I recently worked on the ending to my latest novel, Music Box. The original ending had a new music group preparing to go on stage for the first time. They were worried about the size of their audience and whether their loved ones would show. It did many things that you want an ending to do. It was upbeat, and it suggested a new beginning, while still leaving a few unresolved issues to keep the reader interested. (Always leave the reader wanting more.) It reminded the reader of the journey the main characters had made. It suggested a future while leaving some ambiguity and room for doubt. Since this was a romance, it was optimistic. All in all, it was not bad for a first draft.
Somehow it fell flat. What I’d failed to do, I finally decided, was to get into the head of the main character, Jonah.

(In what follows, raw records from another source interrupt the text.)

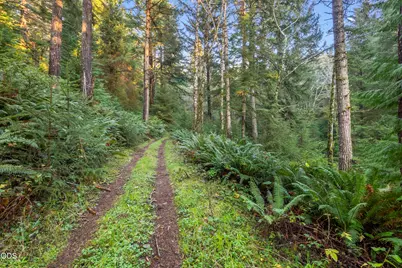 45721 U.S. 101, Langlois, OR 97450 - Photo 9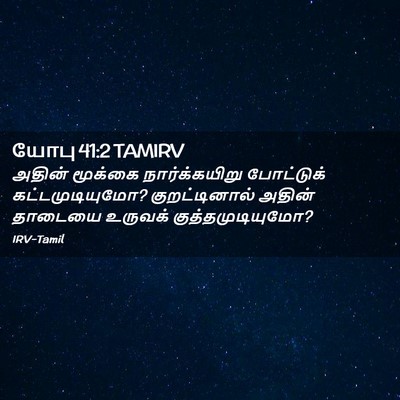 Picture 02 - யோபு 41:2 TAMIRV - அதின் மூக்கை - Bible Verse Picture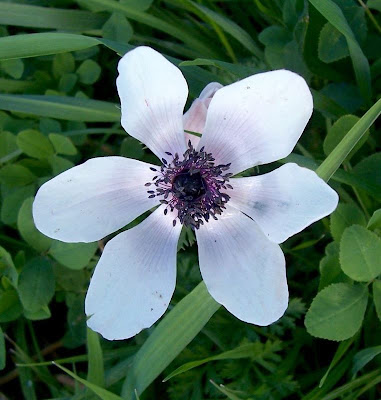 Anemone coronaria,
Anemone dei fiorai,
lilies-of-the-field,
Poppy Flowered Anemone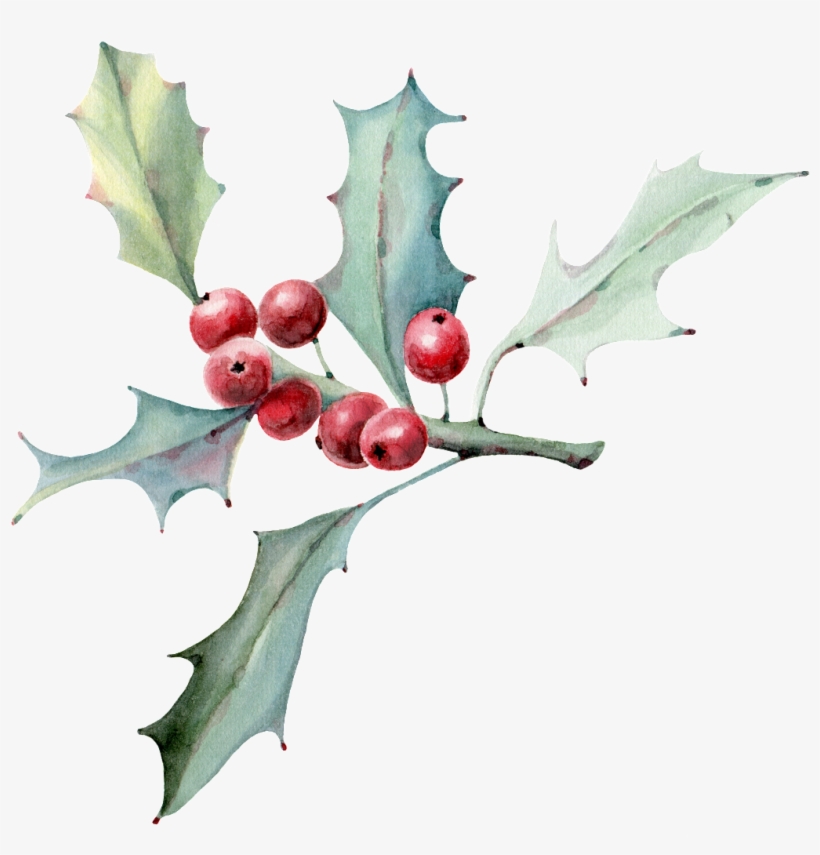 Hand Drawn Leaves And Fruits - Illustration, transparent png download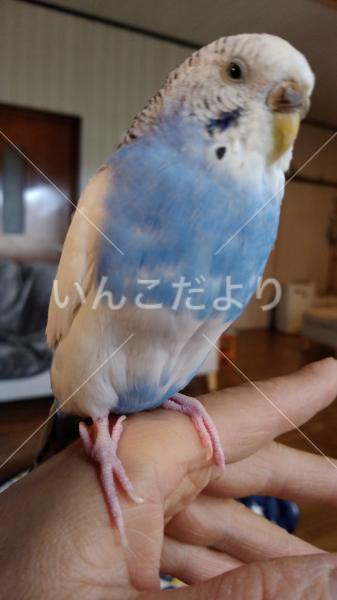 迷い鳥の写真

Jonah has been a challenge to write. He’s a teenager. I’m a middle-aged man. He’s just coming to terms with his sexuality. I came out in the mid-eighties. Jonah is forced to deal with his attraction to men by bullies who are certain of his sexuality before he is. He tends to go into denial, to not think about his problems until events force him to play the hand he’s been dealt. Jonah has never been one to delve too deeply into his own head. If I simply had him think about his new circumstances, I would risk taking him out of character.

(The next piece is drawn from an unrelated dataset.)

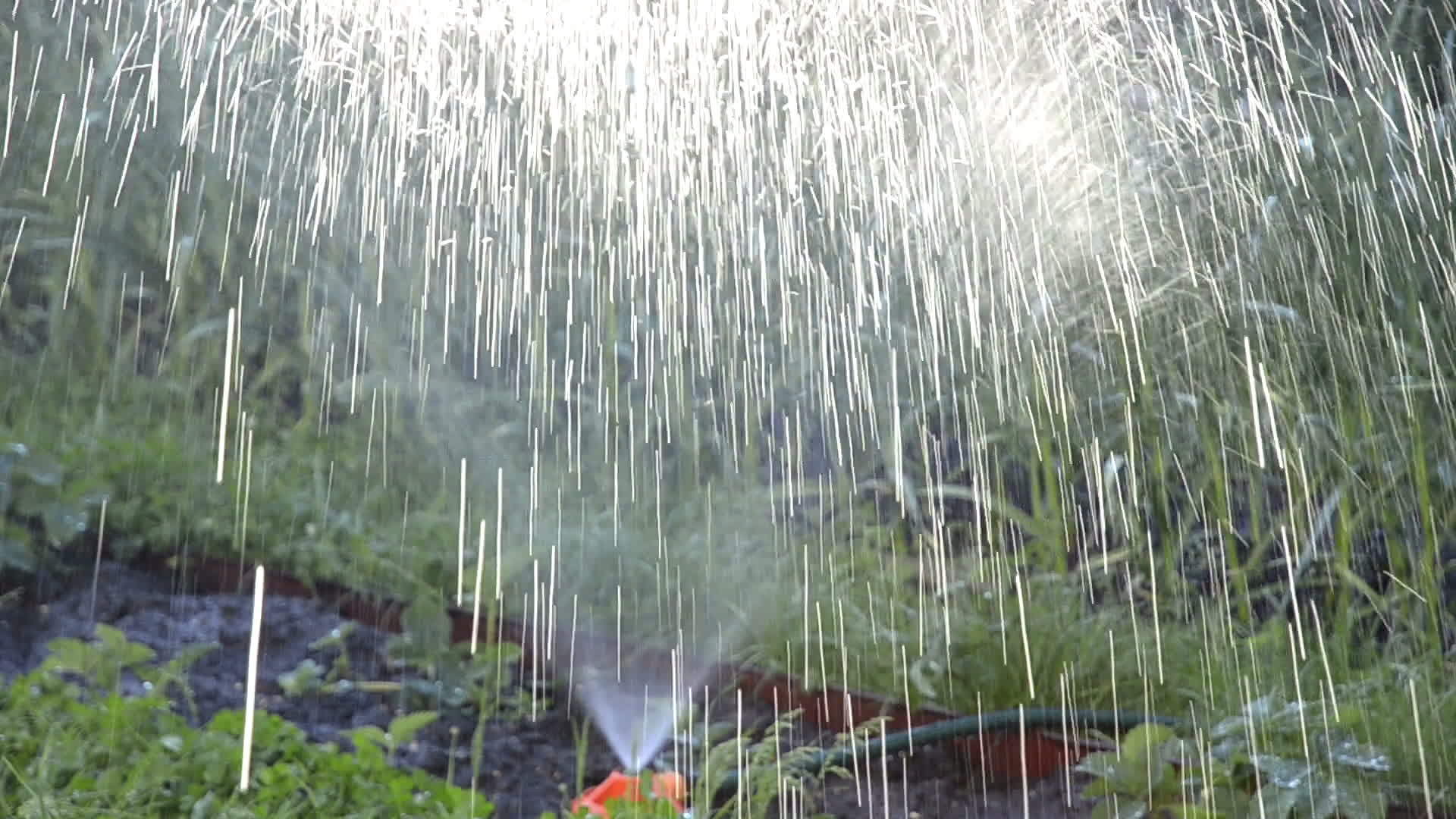 浇花灌溉视频的预览图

I needed to show Jonah’s reaction to his new circumstances. My solution retained the basic scene and added some interior monologue, but I also used Jonah’s perceptions to hint at his interior state. I placed the image of two older men who have recently entered into a relationship into juxtaposition with some innocuous dialog. Jonah’s comment, “I’m ready,” is given greater import by its context. It’s not exactly subtle, but I hope most readers will get the message without noticing the mechanism.